On the other hand we think it’s our duty, for example, to publicize the facts about a quota system in a college or a restrictive immigration policy of a country. There we see positive gains by publicizing it.

MR. HEFFNER: So that in terms of what to do about anti-Semitism you are merely saying you wouldn’t publicize threats or violence.

MR MASLOW: Bomb threats we would not publicize. We would not publicize, for example, acts of vandalism in a cemetery because mere publicizing will not help us to cope with the problem. Nor would we publicize the irresponsible tirades and rantings of hatemongers, because that won’t help us to cope with the problem. But we certainly will publicize bombings of synagogues.

MR. HEFFNER: OK. Mr. Lukas.

MR. LUKAS: I’d like to equate this, if I may, Mr. Heffner, with the problem of crime generally, the problems of law and order. I think by this time it is accepted that the susceptible, the vulnerable in our population, are rather responsive to certain kinds of excitements or incitements.
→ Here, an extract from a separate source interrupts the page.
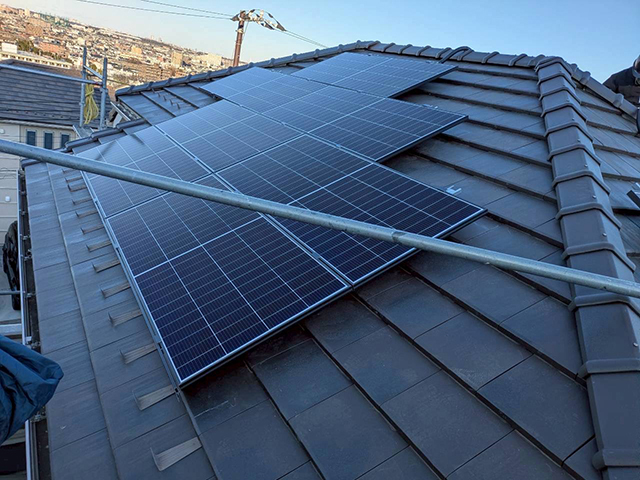 東京都稲城市のカナディアンソーラー製CS6.2-32TM-300 ×13の太陽光発電施工写真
Many years ago there was the problem of the effect of comic books upon young boys and girls. I hope that problem has by this time been at least partially solved by a resolution of this primary rather basic discussion of motivation, namely, that in our population the vulnerable, the susceptible, are more readily stirred by stories of violence that the others, than the general population. This means, among other things, that in the comic book field, and now in the context in which we are discussing the question of violence, in this field we suspect that primarily the outrages in the South are largely due to the excitement or incitement of rather pathological creatures, namely, the people, the individuals, rather than the organized groups that are readily incited by literature. And in this case it’s the hate literature.
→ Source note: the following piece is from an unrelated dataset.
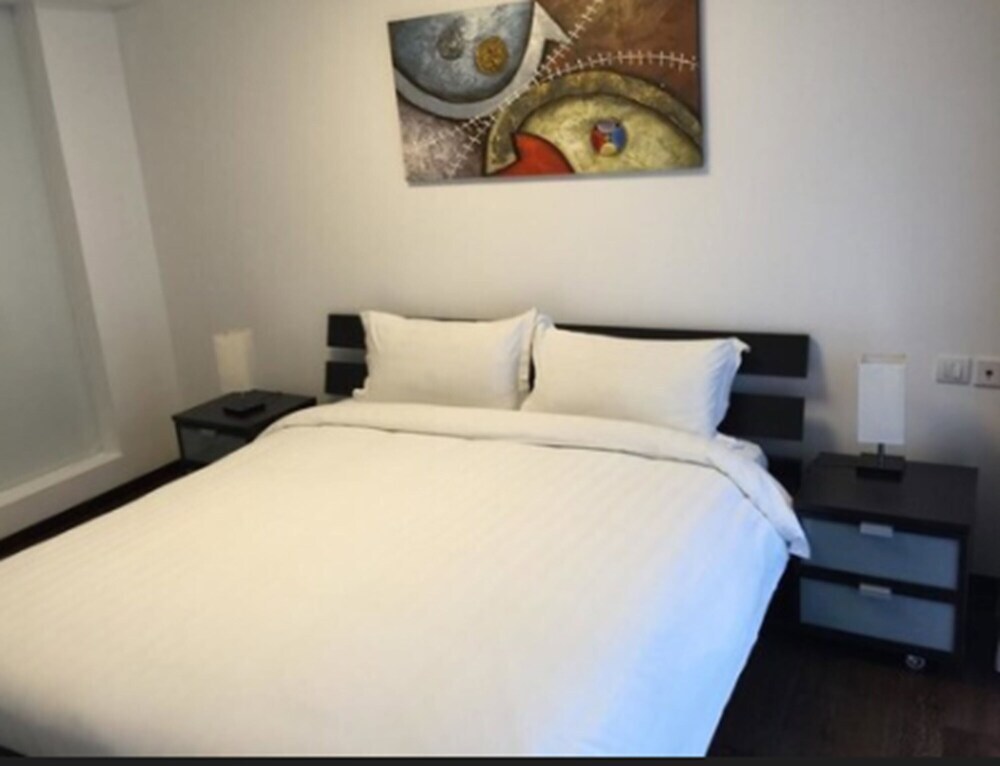 Шанхай: Kinghouse Service Apartment Shanghai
I think that Mr. Maslow has a point here; and the point that I would like to emphasize or underline at this juncture is that the unnecessary publication of incidents in the South is likely to incite or excite pathological people who have secret susceptibilities that we have not been able to reach.

MR. HEFFNER: Mr. Forster.

MR. FORSTER: I’d begin from a completely different base. This country obviously has a free press. It’s not a controlled press and I don’t think the three of us together, separately, or with any other group of people, control what is in the press or in the various media of communication. The American people have a natural curiosity to know what is happening in their midst and elsewhere, and we regard it as a service and a responsibility to the community to fulfill that request for information, so that if a bombing occurs in some city and the AP or the INS or one of the great magazines comes into our office and asks for data around that bombing if we have it we will give it to them; and we will not think in terms of whether or not this information should or should not be made available to the American people.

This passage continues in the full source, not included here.